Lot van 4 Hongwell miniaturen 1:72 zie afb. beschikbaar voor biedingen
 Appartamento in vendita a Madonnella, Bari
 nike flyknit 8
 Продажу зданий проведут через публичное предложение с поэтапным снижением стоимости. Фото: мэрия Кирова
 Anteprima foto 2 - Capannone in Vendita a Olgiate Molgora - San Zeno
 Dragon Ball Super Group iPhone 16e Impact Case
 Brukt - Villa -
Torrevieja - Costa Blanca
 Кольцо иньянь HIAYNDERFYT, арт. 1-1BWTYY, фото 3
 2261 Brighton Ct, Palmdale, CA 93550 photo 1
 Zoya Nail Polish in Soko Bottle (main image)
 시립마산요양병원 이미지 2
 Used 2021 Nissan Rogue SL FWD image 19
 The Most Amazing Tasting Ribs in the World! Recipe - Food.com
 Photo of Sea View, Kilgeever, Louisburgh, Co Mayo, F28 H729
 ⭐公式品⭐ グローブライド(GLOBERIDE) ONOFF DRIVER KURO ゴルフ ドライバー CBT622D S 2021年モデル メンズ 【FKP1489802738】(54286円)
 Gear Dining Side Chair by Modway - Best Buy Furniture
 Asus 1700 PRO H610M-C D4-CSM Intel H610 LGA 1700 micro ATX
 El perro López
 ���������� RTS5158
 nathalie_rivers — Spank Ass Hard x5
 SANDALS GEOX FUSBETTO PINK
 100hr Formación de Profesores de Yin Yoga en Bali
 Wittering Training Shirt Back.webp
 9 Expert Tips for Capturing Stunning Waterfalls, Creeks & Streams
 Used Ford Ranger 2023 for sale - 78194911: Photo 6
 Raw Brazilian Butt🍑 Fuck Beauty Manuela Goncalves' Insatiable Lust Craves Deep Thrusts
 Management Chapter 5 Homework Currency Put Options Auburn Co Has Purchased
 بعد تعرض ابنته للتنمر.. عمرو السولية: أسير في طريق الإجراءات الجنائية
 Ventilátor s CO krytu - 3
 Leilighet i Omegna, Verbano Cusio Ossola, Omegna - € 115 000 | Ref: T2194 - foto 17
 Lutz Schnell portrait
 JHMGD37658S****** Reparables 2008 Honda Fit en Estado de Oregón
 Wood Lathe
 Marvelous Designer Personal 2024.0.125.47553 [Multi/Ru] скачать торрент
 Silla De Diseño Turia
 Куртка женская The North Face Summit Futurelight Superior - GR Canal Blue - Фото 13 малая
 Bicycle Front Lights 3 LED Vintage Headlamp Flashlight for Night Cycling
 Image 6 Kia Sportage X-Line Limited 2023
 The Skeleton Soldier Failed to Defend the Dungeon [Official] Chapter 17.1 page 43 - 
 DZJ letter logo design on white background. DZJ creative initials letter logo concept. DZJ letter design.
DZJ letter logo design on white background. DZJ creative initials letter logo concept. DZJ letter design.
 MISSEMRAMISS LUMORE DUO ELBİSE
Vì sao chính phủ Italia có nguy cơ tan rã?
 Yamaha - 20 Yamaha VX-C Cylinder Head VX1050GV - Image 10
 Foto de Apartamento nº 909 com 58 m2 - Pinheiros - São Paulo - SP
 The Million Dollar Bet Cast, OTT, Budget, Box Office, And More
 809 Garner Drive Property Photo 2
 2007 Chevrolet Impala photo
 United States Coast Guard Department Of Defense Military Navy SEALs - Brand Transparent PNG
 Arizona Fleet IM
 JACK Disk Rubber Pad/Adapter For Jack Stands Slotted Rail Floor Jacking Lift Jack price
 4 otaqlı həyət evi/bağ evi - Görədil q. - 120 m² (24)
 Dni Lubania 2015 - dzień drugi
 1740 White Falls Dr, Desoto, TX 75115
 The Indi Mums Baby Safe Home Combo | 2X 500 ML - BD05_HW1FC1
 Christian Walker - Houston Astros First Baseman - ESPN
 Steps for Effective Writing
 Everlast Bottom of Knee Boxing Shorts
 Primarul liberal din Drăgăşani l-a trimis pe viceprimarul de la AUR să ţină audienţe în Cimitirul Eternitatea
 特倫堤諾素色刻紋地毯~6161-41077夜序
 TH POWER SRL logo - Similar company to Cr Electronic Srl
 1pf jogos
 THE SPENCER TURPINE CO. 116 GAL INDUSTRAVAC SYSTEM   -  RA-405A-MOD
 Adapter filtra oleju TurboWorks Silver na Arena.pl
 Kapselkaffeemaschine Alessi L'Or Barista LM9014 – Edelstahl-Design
========
• [TASK DETAILS]: Retype exactly the lines above, from the one with "809 Garner Drive Property Photo 2" through the one with "Adapter filtra oleju", inclusive.

• [WRITTEN REPLY]:
 809 Garner Drive Property Photo 2
 2007 Chevrolet Impala photo
 United States Coast Guard Department Of Defense Military Navy SEALs - Brand Transparent PNG
 Arizona Fleet IM
 JACK Disk Rubber Pad/Adapter For Jack Stands Slotted Rail Floor Jacking Lift Jack price
 4 otaqlı həyət evi/bağ evi - Görədil q. - 120 m² (24)
 Dni Lubania 2015 - dzień drugi
 1740 White Falls Dr, Desoto, TX 75115
 The Indi Mums Baby Safe Home Combo | 2X 500 ML - BD05_HW1FC1
 Christian Walker - Houston Astros First Baseman - ESPN
 Steps for Effective Writing
 Everlast Bottom of Knee Boxing Shorts
 Primarul liberal din Drăgăşani l-a trimis pe viceprimarul de la AUR să ţină audienţe în Cimitirul Eternitatea
 特倫堤諾素色刻紋地毯~6161-41077夜序
 TH POWER SRL logo - Similar company to Cr Electronic Srl
 1pf jogos
 THE SPENCER TURPINE CO. 116 GAL INDUSTRAVAC SYSTEM   -  RA-405A-MOD
 Adapter filtra oleju TurboWorks Silver na Arena.pl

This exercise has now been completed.